The allure of mapping lies in its intuitiveness. Even simple "dots on a map can be a powerful way to see trends in data," said Josh Campbell, geographic information system architect for the Humanitarian Information Unit at the State Department. "Maps are a compressed mechanism for storytelling."
Last year, Campbell's office created a series of maps to track the mass migration of Syrians displaced by the country's ongoing violence. The HIU team combined data from thousands of media and internal reports with commercial satellite imagery. Each map provided a geographical snapshot of a place. Together, they showed trends over time and revealed the areas with the most intense conflict.
"That visualization can simplify complex data relationships among variables," Campbell said. "It's one thing to read the information, but I think visualization is a powerful way to consume information that scales beyond reading."

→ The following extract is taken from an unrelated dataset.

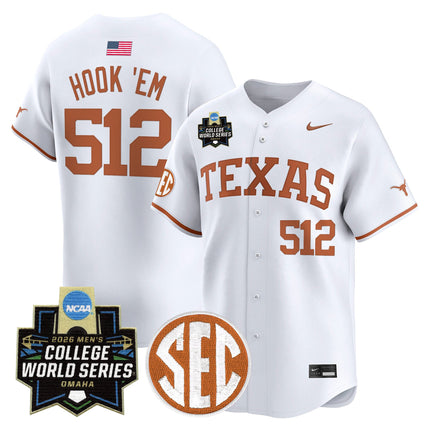 Men's Texas Longhorns 2026 World Series Vapor Premier Limited Jersey V2 - All Stitched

That is perhaps the most important aspect of maps: They make for better decision-making.
The Federal Communications Commission used to convey policy changes through 1,000-page Microsoft Word documents, said Mike Byrne, geographic information officer at the FCC. Now the agency uses cartography to explain complicated policy subjects such as spectrum allocation.
Officials rely on a mixture of open-source and proprietary tools to do that, but the focus is on creating a product that users can easily understand, whether those users are federal decision-makers or members of the general public, Byrne said.
"The platform for us is the Internet," he added. "At FCC, we take really complicated things and display them so that anyone can understand what the high-level landscape view looks like."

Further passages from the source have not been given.